# Cargador de baterias de auto con transformador de microondas



## chepao (Dic 15, 2013)

amigos tengo un transformador de microondas ya sin el secundario, mide 1.3v al darle una vuelta de alambre calibre 10
quisira ponerle el puente de diodos KBPC2506 y un par de capacitores, tengo un par de 75v 3300uf, y otro par un poco mas grandes en los cuales se lee 5200MFD, 30VDCW, 40VDC no llevan los contactos al mismo lado, estos los llevan uno a cada lado, o sea uno en cada cara, todo esto para hacerme un cargador de baterias de autos.

PERO...!!! ustedes son los expertos, y esto nomas es una idea, pero quisiera su opinion.!

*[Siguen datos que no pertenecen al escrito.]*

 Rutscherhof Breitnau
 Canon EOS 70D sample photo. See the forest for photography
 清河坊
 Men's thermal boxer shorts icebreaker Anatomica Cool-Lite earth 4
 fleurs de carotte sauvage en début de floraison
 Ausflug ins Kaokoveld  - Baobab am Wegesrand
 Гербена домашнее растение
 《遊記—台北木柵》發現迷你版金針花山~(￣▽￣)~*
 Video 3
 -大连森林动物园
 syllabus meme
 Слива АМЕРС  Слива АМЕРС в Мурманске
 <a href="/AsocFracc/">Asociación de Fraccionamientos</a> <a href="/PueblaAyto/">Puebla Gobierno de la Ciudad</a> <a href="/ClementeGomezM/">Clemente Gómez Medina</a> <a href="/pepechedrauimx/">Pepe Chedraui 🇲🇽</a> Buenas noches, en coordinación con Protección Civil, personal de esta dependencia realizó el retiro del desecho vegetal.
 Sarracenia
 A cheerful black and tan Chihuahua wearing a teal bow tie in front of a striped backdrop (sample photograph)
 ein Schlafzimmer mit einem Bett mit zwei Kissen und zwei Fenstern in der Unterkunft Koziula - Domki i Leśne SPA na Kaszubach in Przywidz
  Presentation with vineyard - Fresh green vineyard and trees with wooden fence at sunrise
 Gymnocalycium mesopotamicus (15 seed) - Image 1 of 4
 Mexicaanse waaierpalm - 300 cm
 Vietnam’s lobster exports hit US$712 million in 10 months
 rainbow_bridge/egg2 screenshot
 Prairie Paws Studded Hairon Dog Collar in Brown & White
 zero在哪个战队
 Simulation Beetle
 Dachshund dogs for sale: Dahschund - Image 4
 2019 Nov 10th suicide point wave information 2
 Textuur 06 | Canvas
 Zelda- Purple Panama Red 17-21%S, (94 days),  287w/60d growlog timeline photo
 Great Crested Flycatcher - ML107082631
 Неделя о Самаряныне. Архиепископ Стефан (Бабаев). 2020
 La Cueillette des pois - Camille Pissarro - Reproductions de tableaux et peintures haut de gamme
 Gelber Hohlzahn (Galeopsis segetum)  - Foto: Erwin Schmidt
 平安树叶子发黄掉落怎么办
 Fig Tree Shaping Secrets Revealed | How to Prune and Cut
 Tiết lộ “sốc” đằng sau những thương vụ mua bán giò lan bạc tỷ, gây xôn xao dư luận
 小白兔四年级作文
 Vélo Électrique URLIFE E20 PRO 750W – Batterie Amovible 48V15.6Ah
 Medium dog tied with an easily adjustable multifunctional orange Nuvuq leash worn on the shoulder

no se el amperaje pero al unir dos de esas latas de las cajas de las fuentes de pc, y poner las puntas de los alambres, una  por debajo y otra por encima de las dos latas, las pone al rojo vivo en cuestion de 3 o 5 segundos.


Saludos...!!! ...


----------



## Fogonazo (Dic 15, 2013)

Para un cargador de baterías *NO* te hacen falta los capacitores con el transformador y el puente de diodos alcanza


----------



## chepao (Dic 15, 2013)

gracias señor fogonazo..!!

entonces el puente de diodos KBPC2506  y unas 13 vueltas de alambre calibre 10 que me darian unos 16.9v serian suficientes??
 digo 16.9 porque lei al señor dosmetros que se necesitan unos 17v en vacio para cargar una bateria de auto.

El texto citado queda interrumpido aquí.